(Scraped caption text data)

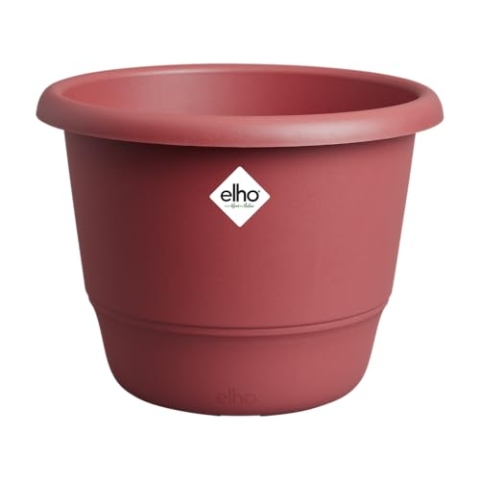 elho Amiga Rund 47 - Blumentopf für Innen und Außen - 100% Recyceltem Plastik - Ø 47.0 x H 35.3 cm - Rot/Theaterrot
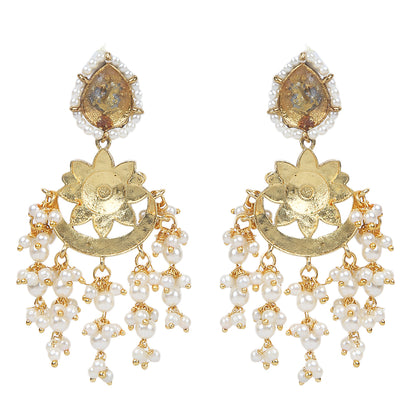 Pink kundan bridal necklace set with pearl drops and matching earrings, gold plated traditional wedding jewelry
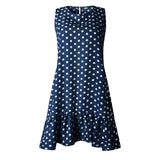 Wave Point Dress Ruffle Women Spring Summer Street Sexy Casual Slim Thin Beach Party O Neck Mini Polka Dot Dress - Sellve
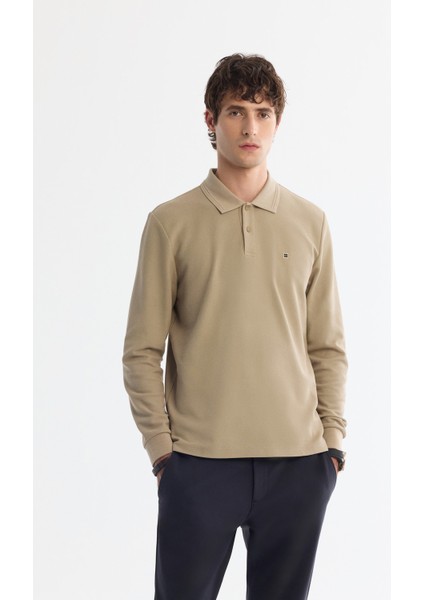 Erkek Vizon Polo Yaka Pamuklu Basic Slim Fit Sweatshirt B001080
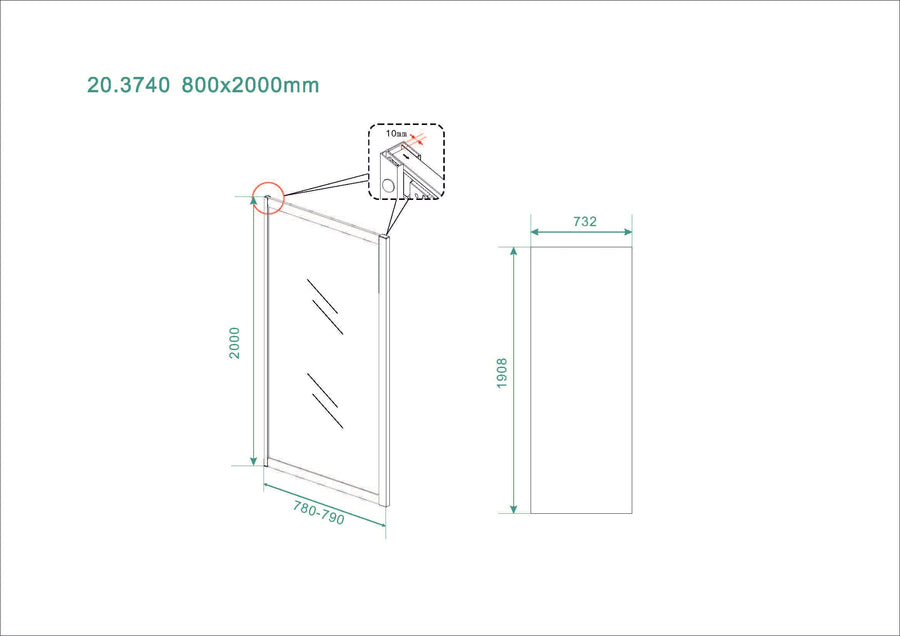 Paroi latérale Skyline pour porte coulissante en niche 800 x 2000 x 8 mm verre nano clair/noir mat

**Task statement**
Would you please write out the entries in full, exactly as they read, but without pictures?

**Response to this task**
 elho Amiga Rund 47 - Blumentopf für Innen und Außen - 100% Recyceltem Plastik - Ø 47.0 x H 35.3 cm - Rot/Theaterrot
 Pink kundan bridal necklace set with pearl drops and matching earrings, gold plated traditional wedding jewelry
 Wave Point Dress Ruffle Women Spring Summer Street Sexy Casual Slim Thin Beach Party O Neck Mini Polka Dot Dress - Sellve
 Erkek Vizon Polo Yaka Pamuklu Basic Slim Fit Sweatshirt B001080
 Paroi latérale Skyline pour porte coulissante en niche 800 x 2000 x 8 mm verre nano clair/noir mat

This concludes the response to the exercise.